Russia said on Monday it had detected no sign of a radiation emergency, after an international body reported last week that sensors in Stockholm had picked up tiny amounts of unusual radioactive isotopes produced by nuclear fission.
The Comprehensive Nuclear Test Ban Treaty Organization (CTBTO), which monitors the world for evidence of nuclear weapons tests, said last week one of its stations scanning the air for radioactive particles had found unusual, although harmless, levels of caesium-134, caesium-137 and ruthenium-103.
The isotopes were "certainly nuclear fission products, most likely from a civil source", it said.

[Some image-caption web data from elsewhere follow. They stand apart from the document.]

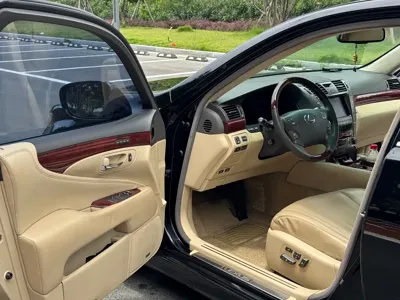 Lexus LS 2007, 290000 км, за 15891.39 USD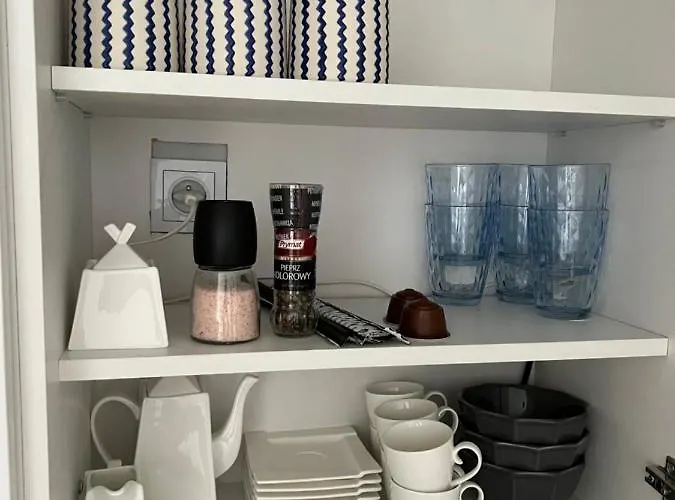 Marcinkowskiego 11 - 2 *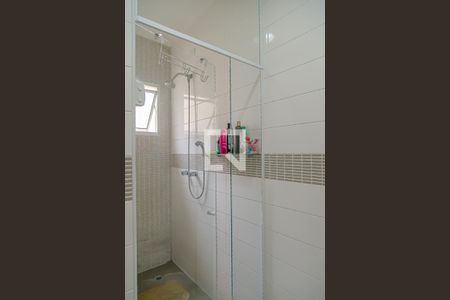 Casa à venda com 160m², 3 quartos e 4 vagasBanheiro da Suíte 1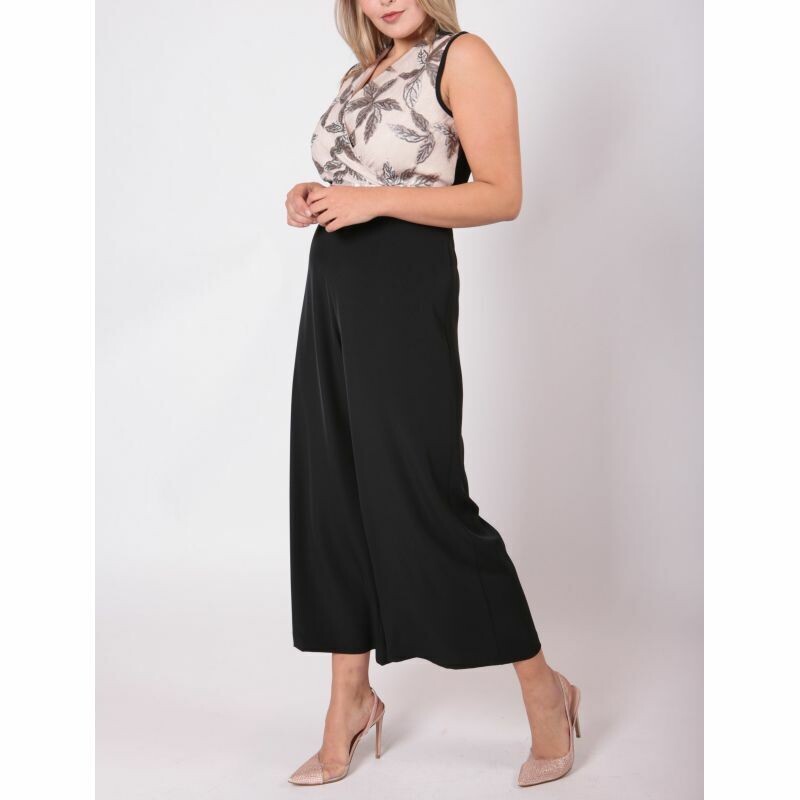 Tuta elegante svasata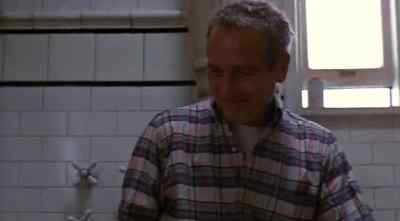 There, you look like
a Hollywood starlet. - Fort Apache, the Bronx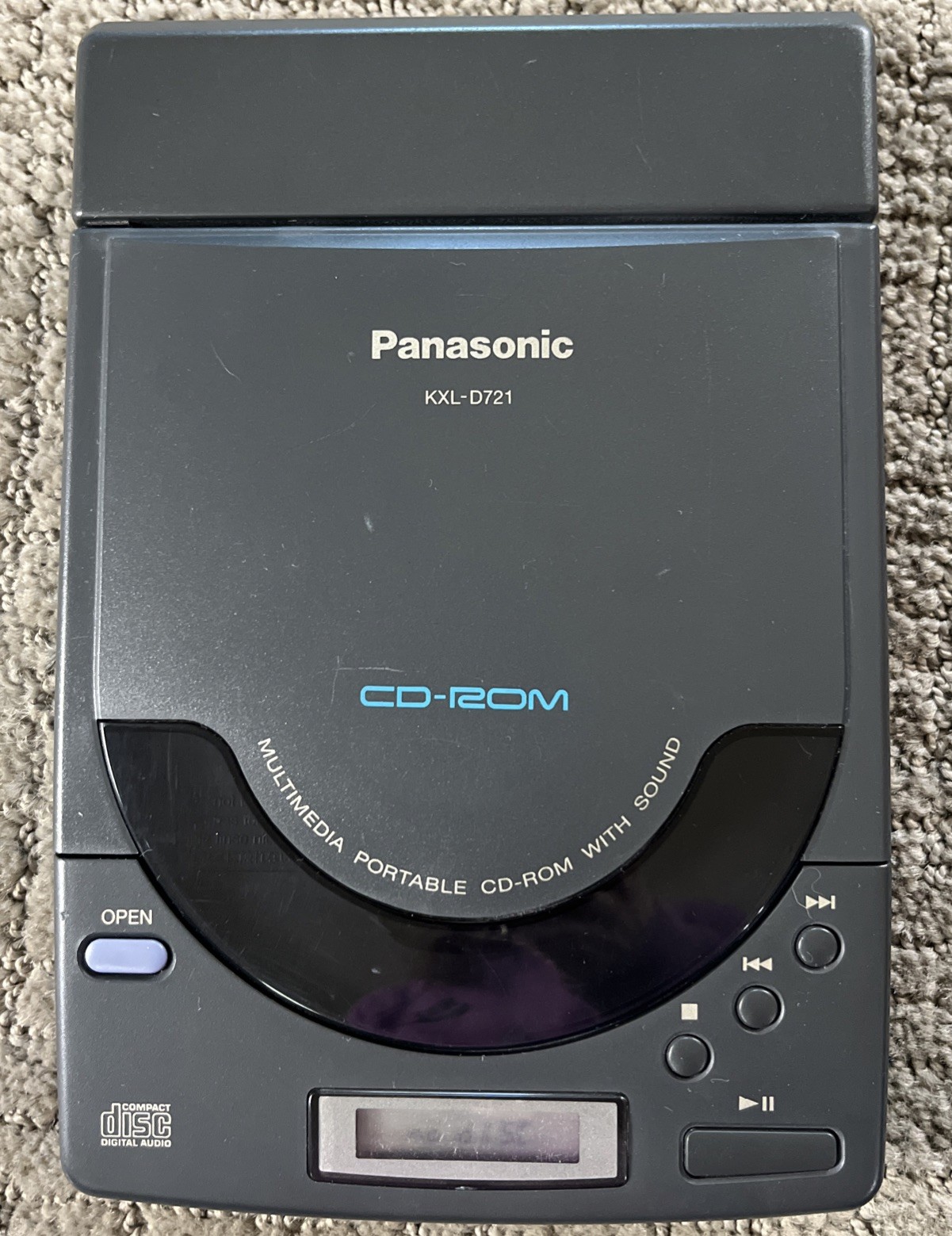 Panasonic Portable CD-ROM Drive With Sound KXL-D721 1995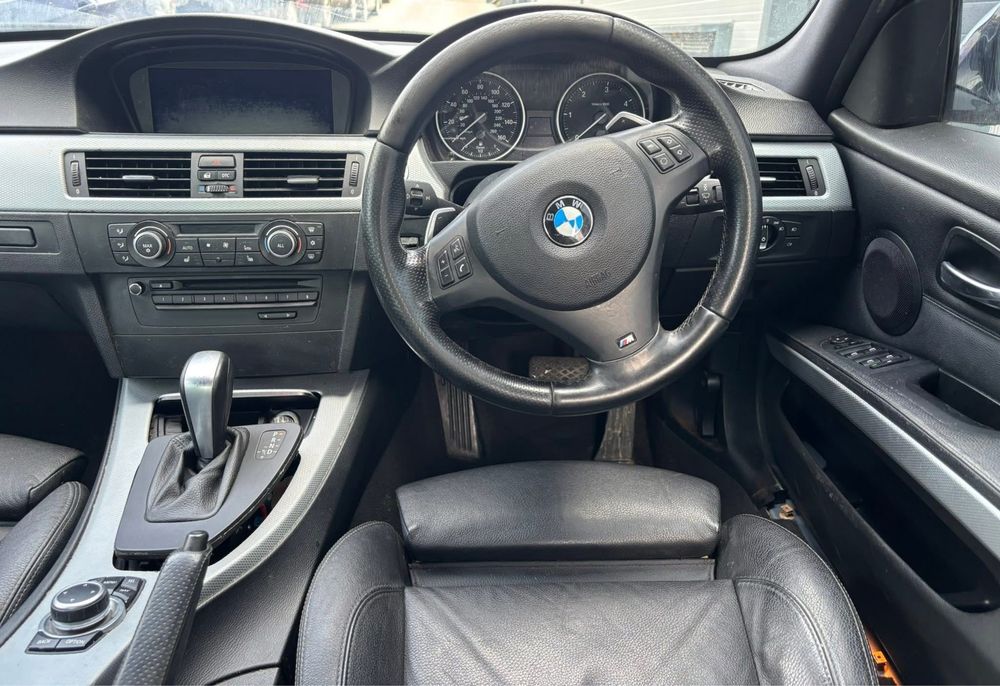 Dezmembrez BMW 325d N57 3.0d M-Pack E90Lci an 2011 ,M ,Xenon adaptiv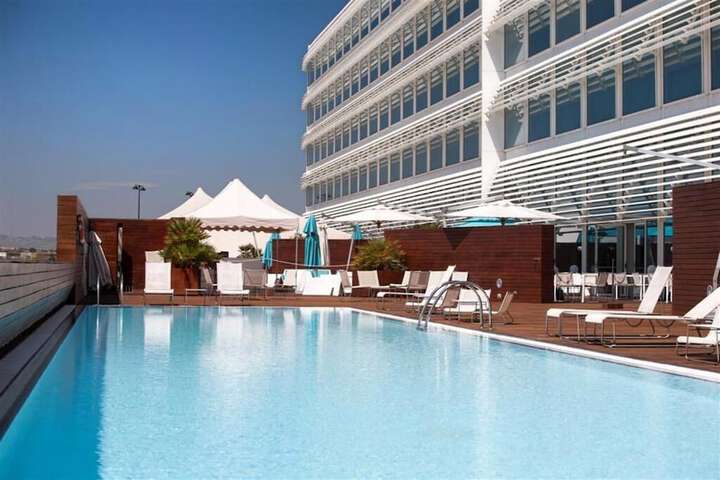 Pools & Facilities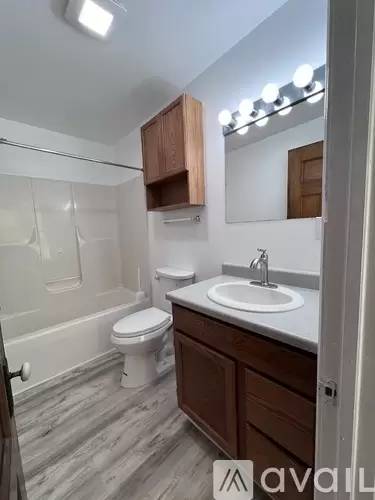 Main picture of 6496 Marlette St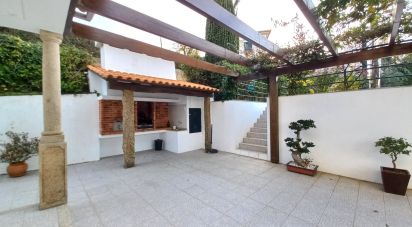 Maison T3 à Palmeira de Faro e Curvos de 350 m²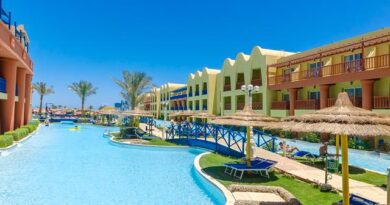 Lees alles over een vakantie naar Hotel Titanic Beach Spa in Hurghada voor 2027.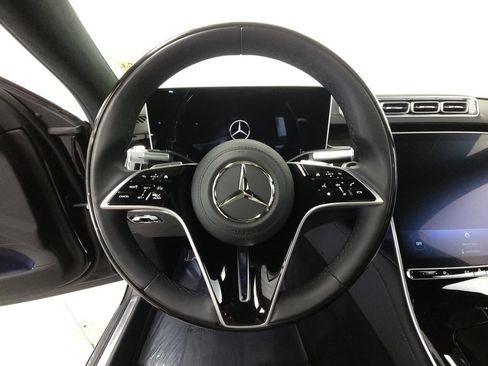 Used 2023 Mercedes-Benz S 580 4MATIC Sedan w/ AMG Line image 12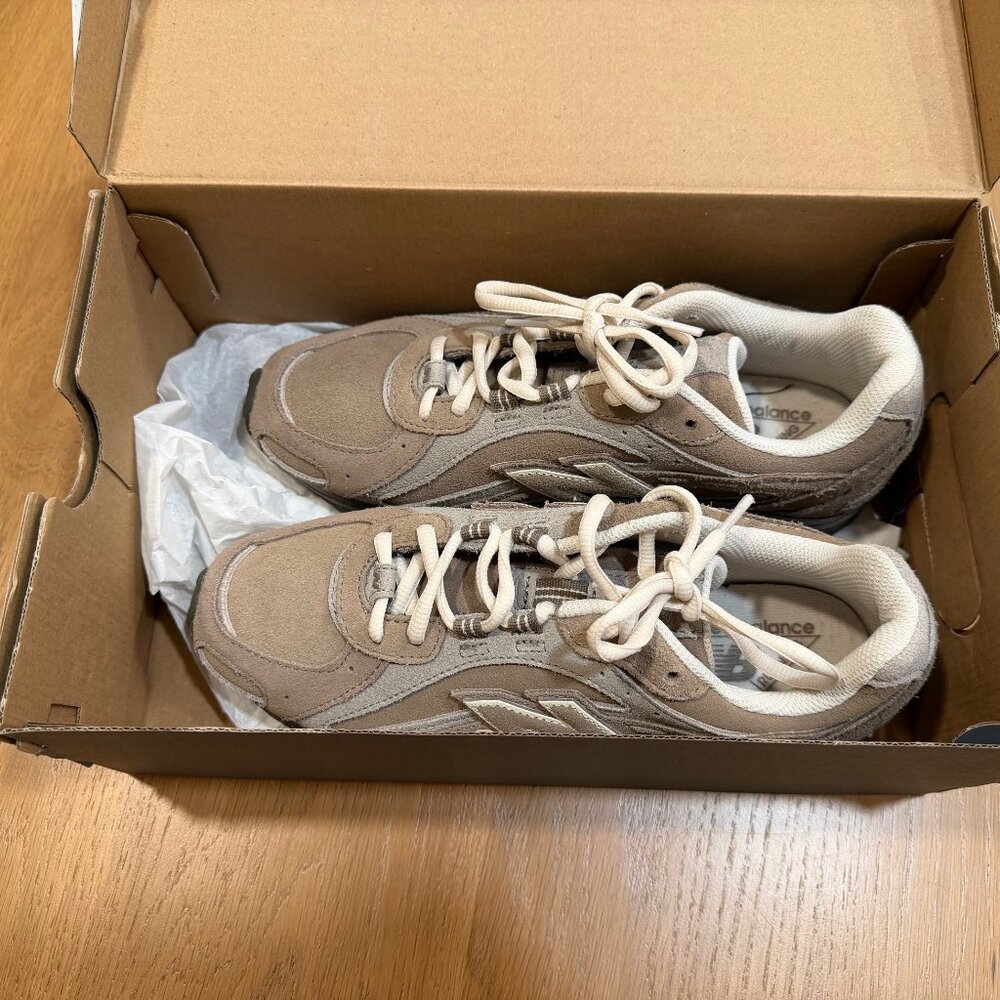 [Only Worn Once] New Balance 204L Mushroom Arid Stone W Size 7.5 / M Size 6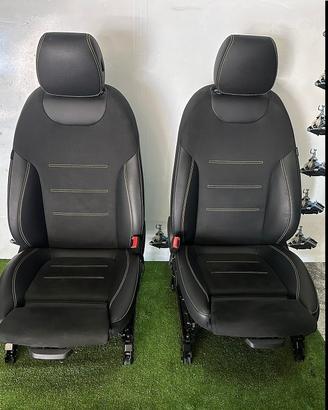 Tappezzeria completa mercedes gla 45s 2023 pelle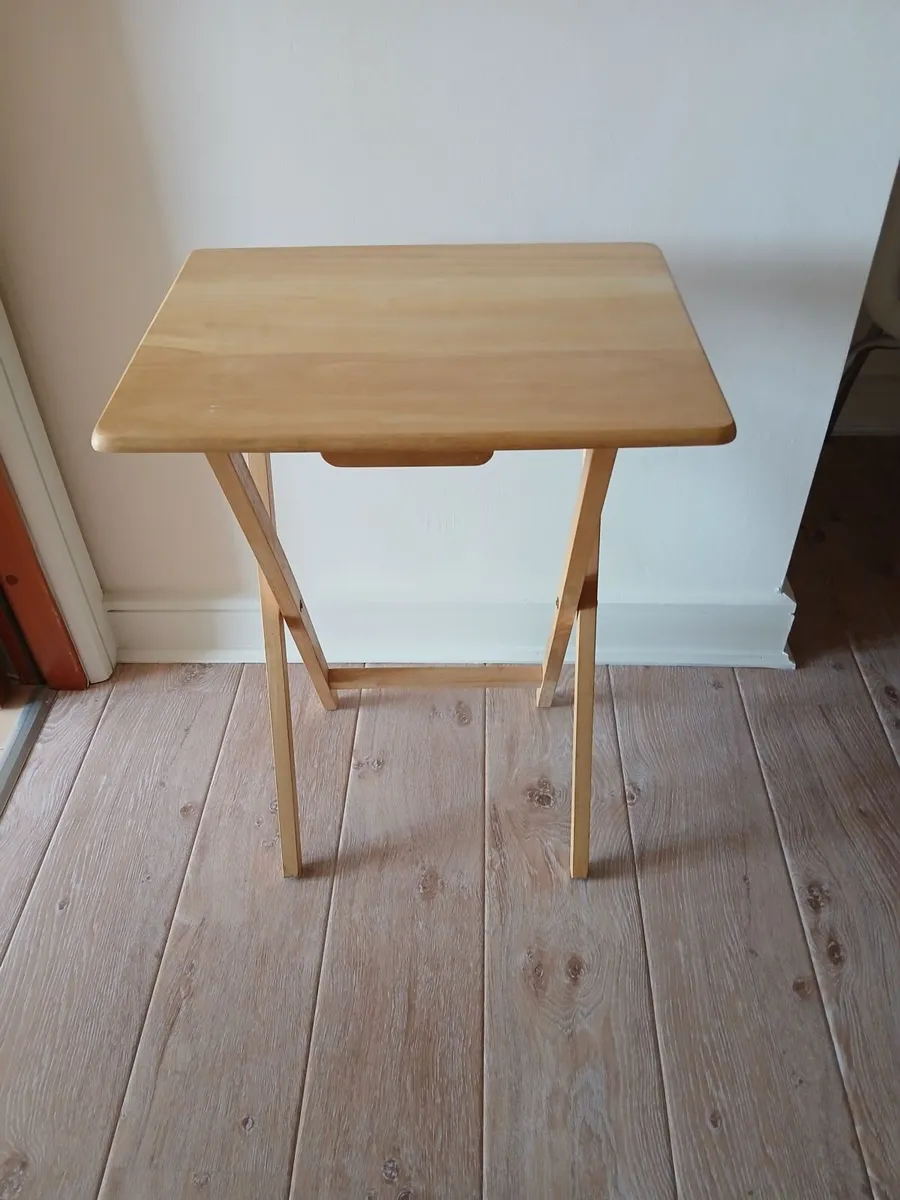 2 FREE foldable wooden tables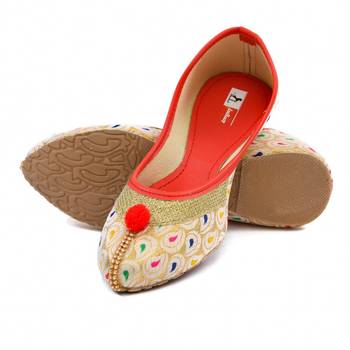 Cotton Punjabi Jutti For Women 4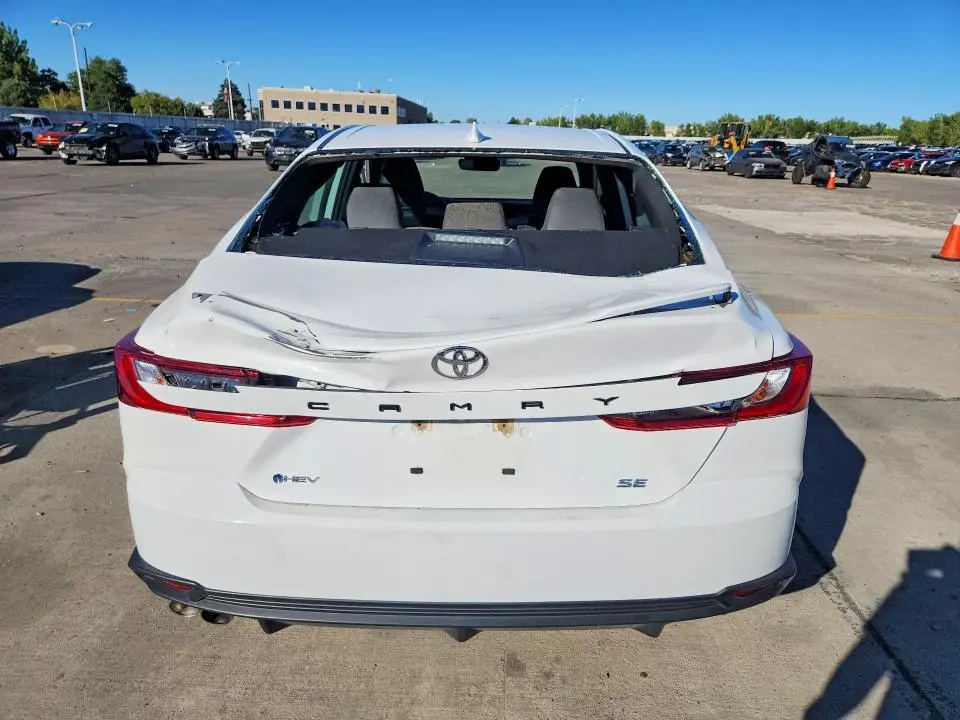 2025 TOYOTA CAMRY SE  
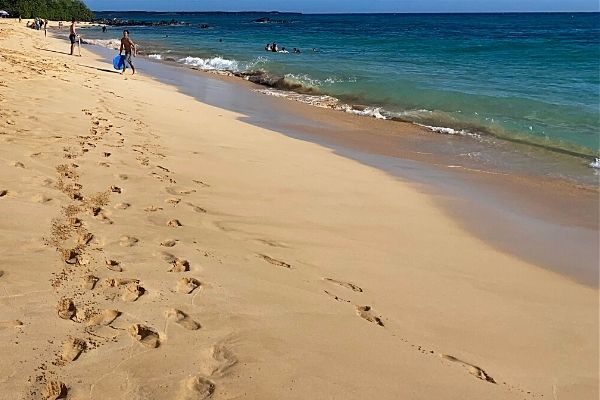 People on Makenna Beach Maui-Hawaii Travel Guide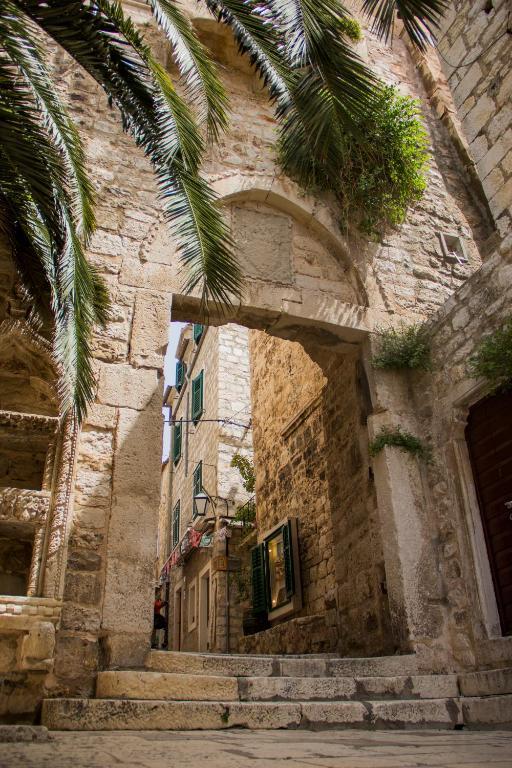 Rooms And Apartments Villa Town Gate Hvar Hvar Town Exterior photo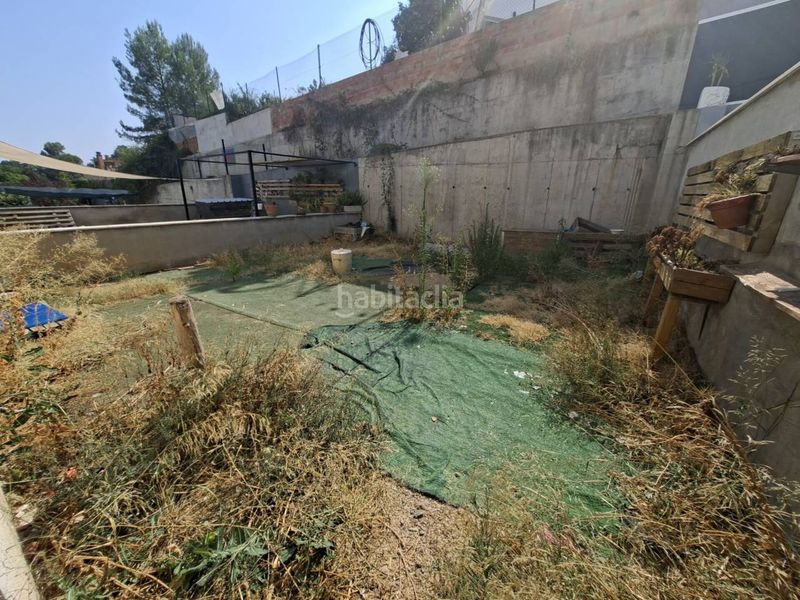 Foto f2fc7e00-e136-4d22-b4e0-053d44495a66. Casa amb aparcament a Sentmenat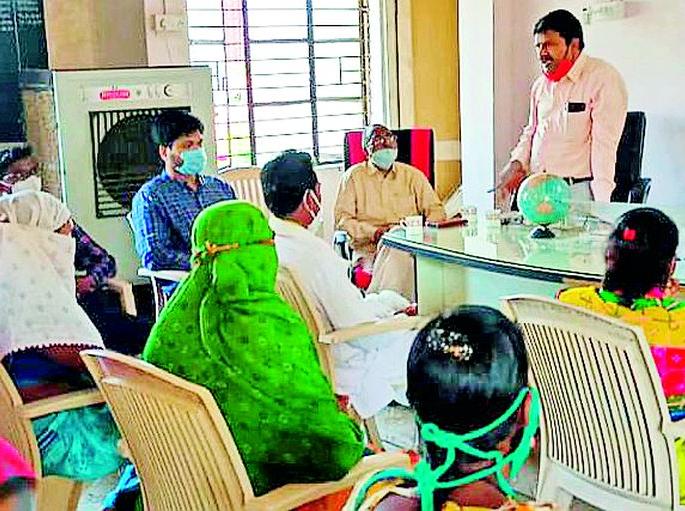 Accelerate vaccination before the third wave occurs | तिसरी लाट येण्यापूर्वी लसीकरणाचा वेग वाढवा Accelerate vaccination before the third wave occurs | तिसरी लाट येण्यापूर्वी लसीकरणाचा वेग वाढवा
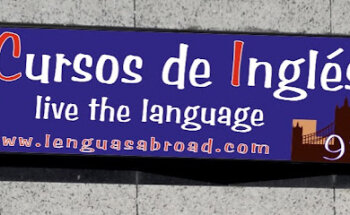 LenguasAbroad, Escuela de inglés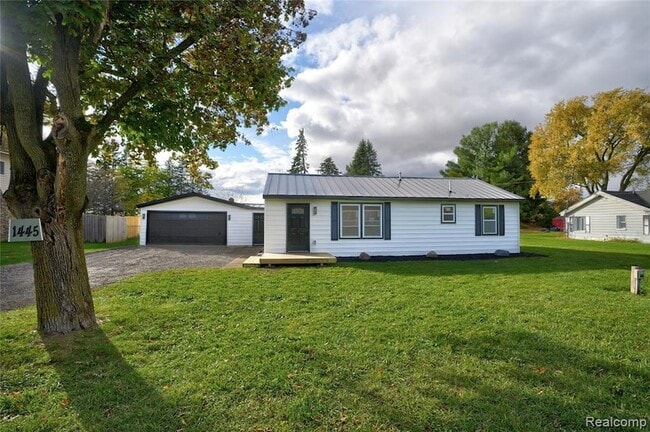 Building Photo - 1445 N Seymour Rd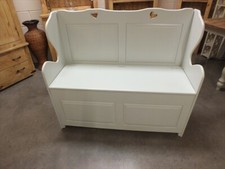 4FT PAINTED MONKS BENCH SETTLE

It tweeted a map showing where the material was likely to have originated, which included parts of several Baltic and Scandinavian countries as well as a swathe of western Russia.
Asked on Monday about reports that Russia could have been the source of a leak, Kremlin spokesman Dmitry Peskov said: "We have an absolutely advanced radiation levels safety monitoring system and there are no any emergency alarms."
"We do not know the source of this information."
The International Atomic Energy Agency has asked countries whether they have detected the isotopes, and "if any event may have been associated with this".
Finnish nuclear safety authority STUK said on Monday it had also found tiny amounts of nuclear particles in samples collected on its southern coast. But the concentrations were small enough that they could have been "derived from the normal operation or maintenance of nuclear reactors", it said.
Radiation protection expert Jan Johansson at the Swedish Radiation Safety Authority said the variations were extremely low - far below levels seen in Sweden after the 2011 Fukushima accident far away in Japan - and had no impact on radiation protection.
"What stands out here is the combination of these substances. That's not something we usually see," he told Reuters.
The TASS news agency, citing Rosenergoatom, a unit of the state nuclear company Rosatom, said over the weekend that Russia's two northwest nuclear power plants, in Leningrad and Kola, were working normally and radiation levels were unchanged.